DoC: Introduction to Machine Learning
Decision Tree Coursework
Instructions for setting up the repo are outlined below.
The report named Intro_to_ML_Report.pdf
can also be found in the repo.
This library supports the training, pruning, and evaluation of decision trees, as well as cross-validation. The data is assumed to be in numpy integer format, with the last column representing class labels.
Clone the repo onto the lab machine using the following command.
git clone https://github.com/IshaanReni/IML_CW1.git
The files run.py
and run_cross_val.py
are examples of how to interface with the classes and functions in the library.
Load other datasets into intro2ML-coursework1/wifi_db/
. All datasets must be in .txt
format.
In order to run training, pruning, and evaluation once, use the following command in the IML_CW1 directory:
python3 run.py [dataset-filename]
The optional argument [dataset-filename] replaces the default .txt
file with the specified .txt
file (in intro2ML-coursework1/wifi_db/
directory).
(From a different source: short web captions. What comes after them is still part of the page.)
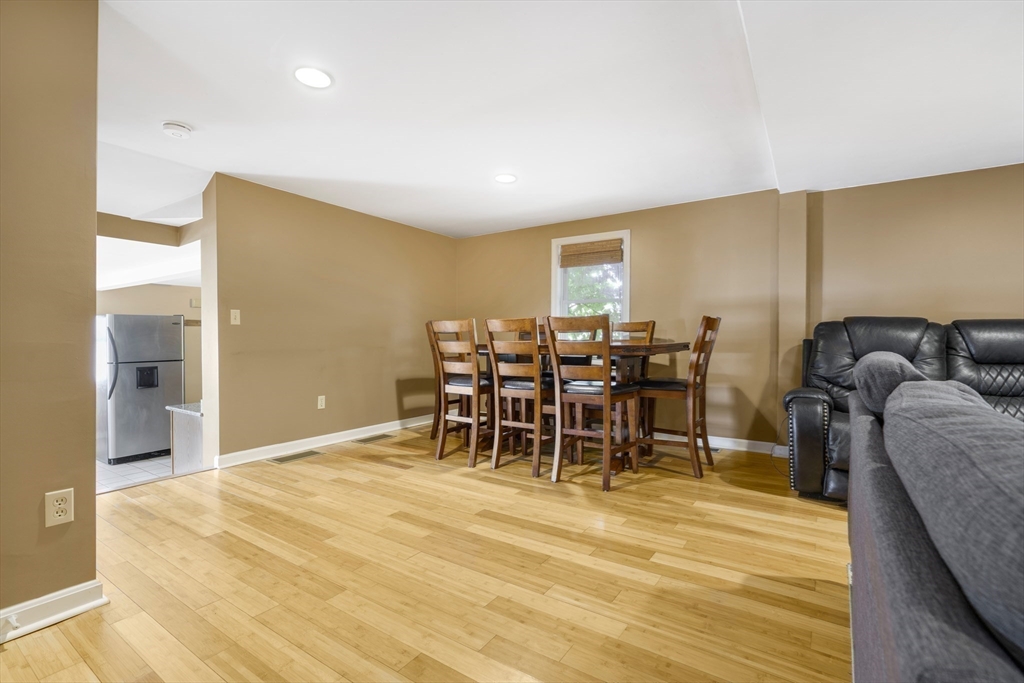 24 Knapp St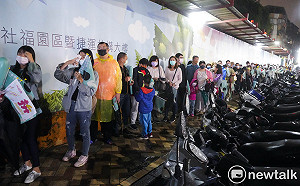 現場直擊》大雨不斷陳時中取消夜市掃街 支持者擠爆人行道與陳合影
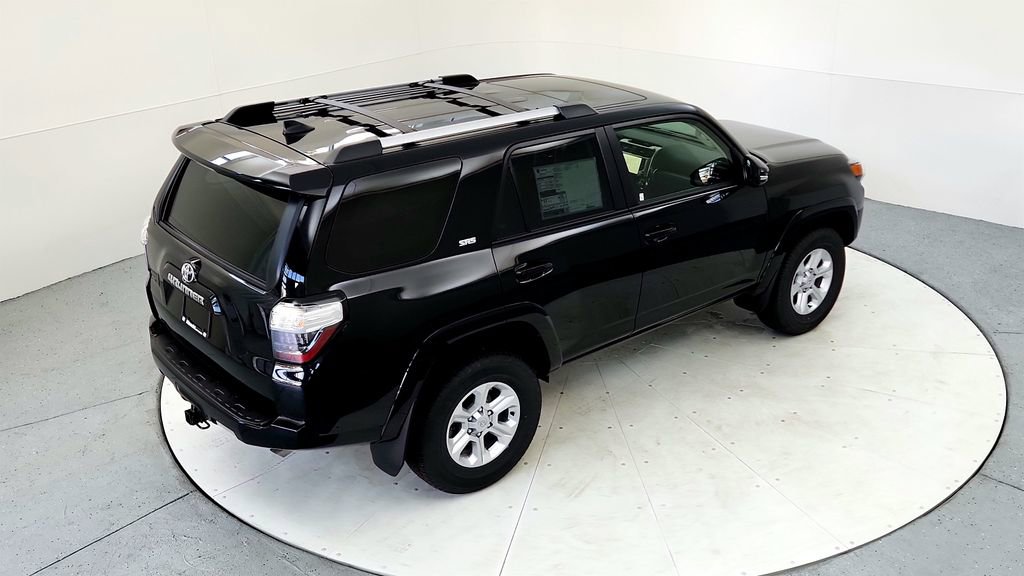 Certified 2023 Toyota 4Runner SR5 Premium w/ Moonroof Package AWD/4WD image 19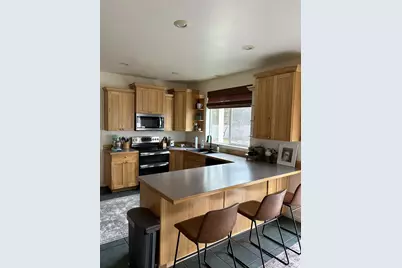 387 N Loafer Rd, Elk Ridge, UT 84651 - Photo 22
The .txt
file extension must be mentioned.
Alternatively, the default file_name variable in run.py
can be changed.
Similarly, cross-validation can be performed using the command:
python3 run_cross_val.py [dataset-filename]
In the case that a new top-level script is to be made, the key functions are described below.
(The library stores nodes and trees as objects, as OOP is used. Classifier
denotes the class in which the class method resides.)
from prepare_data import prepare_data
training_data, validation_data, test_data = prepare_data(full_dataset, test_prop=0.1, val_prop=0.1, random_gen=np.random.default_rng(8), save_name=None)
This function splits the full dataset (numpy array) into usable training, validation, and test data numpy arrays, in the proportions specified. The random generator can be overwritten if a different seed is desired.
If the save_name
variable is a string, the function will also save the output arrays as txt files in intro2ML-coursework1/wifi_db/
.
from decision_tree import Classifier
tree = Classifier.fit(training_data, max_depth=999)
Returns a tree trained on the input training data (numpy array). Optional maximum depth can be specified for early stopping regularisation, debugging, or simpler graphs.
from decision_tree import Classifier
pruned_tree, depth = Classifier.prune(tree, validation_data)
Returns a copy of the input tree which is pruned using validation data, along with its depth (tuple).
from decision_tree import Classifier
predictions = Classifier.predict(tree, test_data[:,:-1])
Returns an array of predictions by the input tree, for each test in a test set. The function will work regardless of if the test class labels are sent into the function.
import evaluation
confusion_matrix = evaluation.calc_confusion_matrix(test_data, predictions)
accuracy = evaluation.calc_accuracy(test_data, predictions)
precisions = evaluation.calc_precision(confusion_matrix)
recalls = evaluation.calc_recall(confusion_matrix)
f1s = evaluation.calc_F1(precisions, recalls)
calc_confusion_matrix
returns an N×N confusion matrix, where N is the number of unique classes.
The accuracy function doesn't use the confusion matrix to preclude the matrix needing to be made every fold in cross-validation (optimisation).
Other evaluation functions use the matrix to return a per-class list of values.
from decision_tree import Classifier
nodes, leaves, depth = tree.tree_properties(tree.root)
nodes = tree.get_nodes()
leaves = tree.get_leaves()
depth = tree.get_depth()
Getter functions for obtaining tree statistics
from prepare_data_cross_val import prepare_data_cross_val
test_folds, val_folds, train_folds = prepare_data_cross_val(full_dataset, random_gen=np.random.default_rng(8), outer_folds=10, inner_folds=9)
Creates lists of data to be used in folds. test_folds
is outer_folds
long whereas val_folds
and train_folds
is outer_folds
×inner_folds
long.
Defaults to 10:10:80 split (90 folds in total).
from cross_validation import cross_validation
cross_validation(test_folds, val_folds, train_folds, outer_folds, inner_folds)
Runs outer_folds
×inner_folds
cross-validation on the data. Prints metrics every fold (pre- and post-pruning), and gives overall metrics at the end.
from decision_tree import Classifier
tree.print_tree()
Creates a matplotlib
visualisation of the tree. Usually run last, as it halts the program while the graph window is open.